Pornografia infantil em mangás!?


Em março deste ano, um projeto de lei de Tóquio que revê a regulamentação do uso de personagens infantis em manga (histórias em quadrinho) e anime (filmes de animação) eróticos acendeu uma discussão calorosa entre sociedades civis, governo e autores de histórias em quadrinhos.

O projeto visava tornar mais rígida a Lei de Proteção da Infância e da Adolescência, regulamentando o uso de imagens de cunho sexual em histórias em quadrinhos e desenhos animados, com a introdução de conceito de “menores de idade fictícios”, que seriam aqueles com aparência pueril. Caso esses personagens aparecessem em cenas de sexo abusivo, com conteúdo que “prejudique a formação de conceito saudável sobre o tema”, o governo pediria que as obras não fossem vendidas a menores de idade. E quando houvesse cenas polêmicas, como incesto, seria enquadrado como “obra insalubre”, sendo proibida a venda a menores.
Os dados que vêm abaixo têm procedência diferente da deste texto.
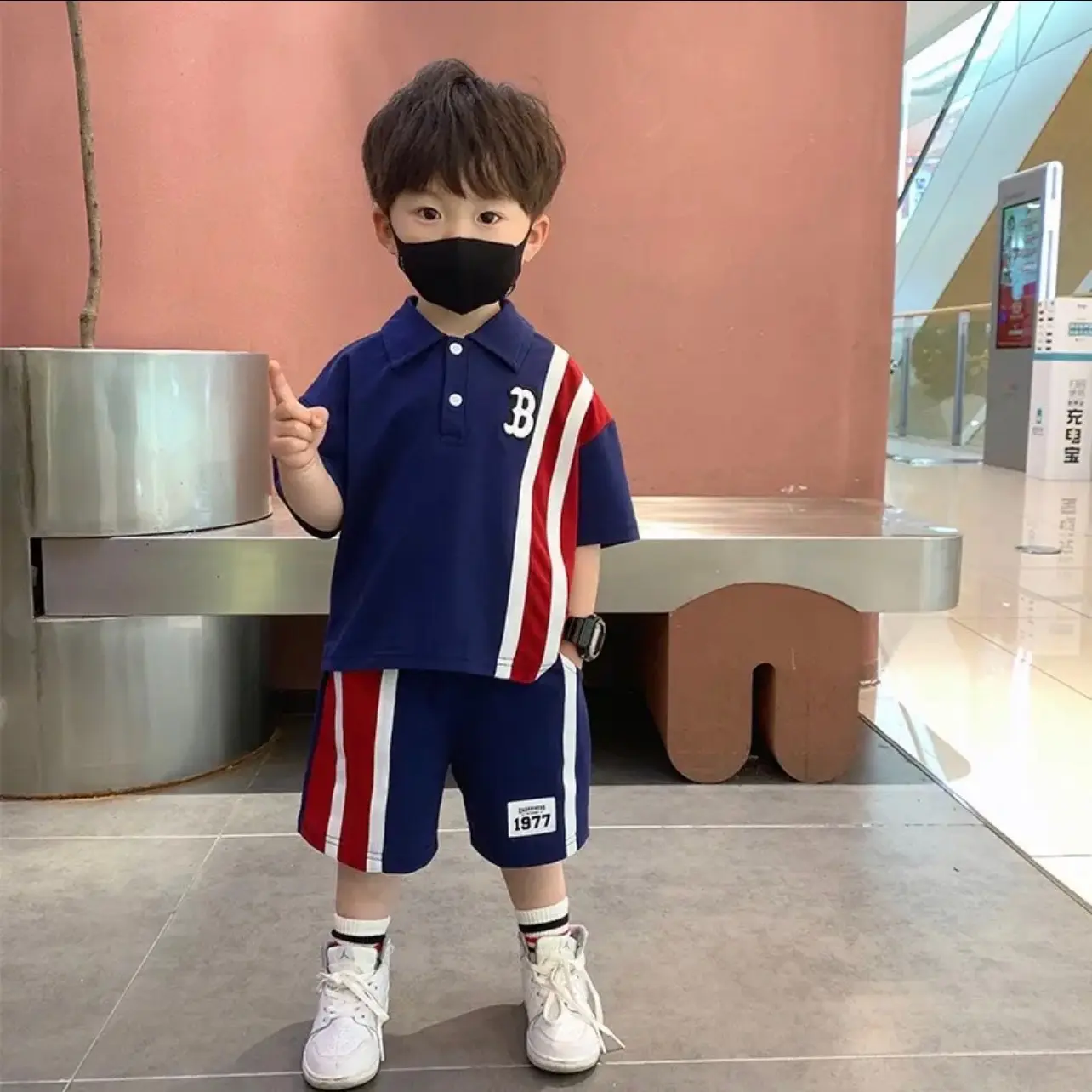 Bộ quần áo Polo Xanh than chữ B chất vải cotton mềm mát bé trai mùa hè  8 - 30kg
A Assembleia de Tóquio, no entanto, adiou a votação para junho, alegando que havia pontos que não estavam claros, mas o assunto ganhou repercussão, já que a regulamentação da capital japonesa é referência para o resto do país, podendo dificultar a distribuição de revistas e DVDs.

No mesmo dia em que a Assembleia de Tóquio adiou a votação da polêmica proposta, o governador de Osaka, Toru Hashimoto, expressou o desejo de fazer um projeto semelhante, lembrando que a discussão na capital o levou a pensar a pornografia infantil em meios de comunicação como um problema urbano. “Quero conhecer a realidade de Osaka e decidir se há necessidade de uma regulamentação”, disse Hashimoto.
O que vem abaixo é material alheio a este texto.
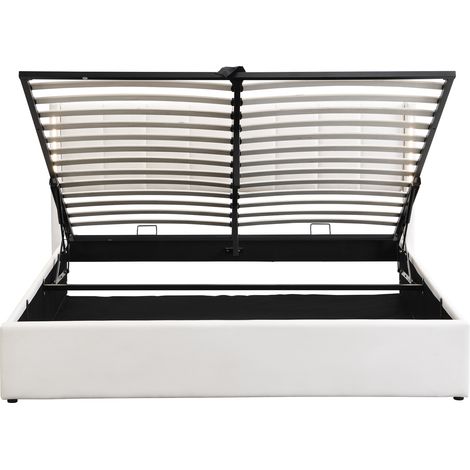 LED-Polsterbett 180 x 200 cm mit USB, Bettkasten und verstellbarem Kopfteil, weiß (1/5)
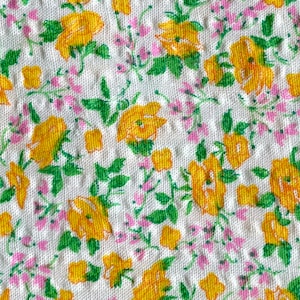 1950’s Seersucker Cotton Ditsy Yellow Floral Fabric. Dressmaking, Doll’s Dresses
O manga erótico vem sendo alvo de crítica de sociedades civis, principalmente o PTA (Associação de Pais e Mestres), desde o final da década de 1960. Na época, um dos títulos mais criticados foi o Harenchi Gakuen, de Go Nagai. Publicado numa das revistas de manga mais vendidas, Shonen Jump, a história, que tinha como cenário um colégio com professores bizarros, se tornou centro de batalha entre o PTA, escolas, críticos, autores de manga e leitores.

A Associação de Diretores de Escolas de Yokkaichi, Mie, tentou enquadrar o manga como “publicação insalubre”, o que faria com que a publicação tivesse o acesso por menores de idade dificultado, com uso de embalagens plásticas e disposição em prateleiras restritas nas livrarias. A tentativa foi frustrada, mas os pais e professores passaram a prestar mais atenção ao material que jovens liam.
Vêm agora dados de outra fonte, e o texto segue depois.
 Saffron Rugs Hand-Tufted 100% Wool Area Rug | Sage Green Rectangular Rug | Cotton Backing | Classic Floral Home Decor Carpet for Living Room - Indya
O autor Go Nagai, que naquela época foi alvo de ataque pessoal na mídia, está entre os que criticam o aumento do rigor da lei de Tóquio, proposto em março último. “Se (naquela época) houvesse esta regulamentação, o Harenchi Gakuen não teria sido publicado”, falou Nagai, em entrevista coletiva no dia 15 de março, na sede do governo da capital.

Outros autores consagrados de manga, como Tetsuya Chiba, autor de Ashita no Joe, e Machiko Satonaka, autora de Aries no Otome Tachi, também se juntaram ao protesto, temendo que o direto de expressão fosse restringido. O Pen Club (Associação Japonesa de Escritores) também se manifestou contrário à revisão. Por outro lado, associações como a Federação Japonesa de Associação de Advogados manifestou a necessidade de criar regras mais claras sobre a pornografia infantil e a proibição de posse deste tipo de material, ressaltando, porém, que é contrária à criminalização da simples posse.

 

“Pornografia simulada”

O uso de desenhos de personagens com aparência infantil enquadra-se na chamada “pornografia simulada”, porque não envolve crianças reais na sua produção. Justamente aqui está a diferença entre o Harenchi Gakuen, centro da batalha 40 anos atrás, e o material produzido hoje: na obra de Nagai os personagens, principalmente as meninas, eram adolescentes, mas a aparência física era de mulheres adultas. Já muitas produções hoje consideram personagens maiores de idade, mas o seu visual é de criança: além do aspecto físico de quem não atingiu a maturidade, há caracterizações como uso de uniforme escolar e linguajar, que levam a identificá-las como crianças de até 5 anos de idade.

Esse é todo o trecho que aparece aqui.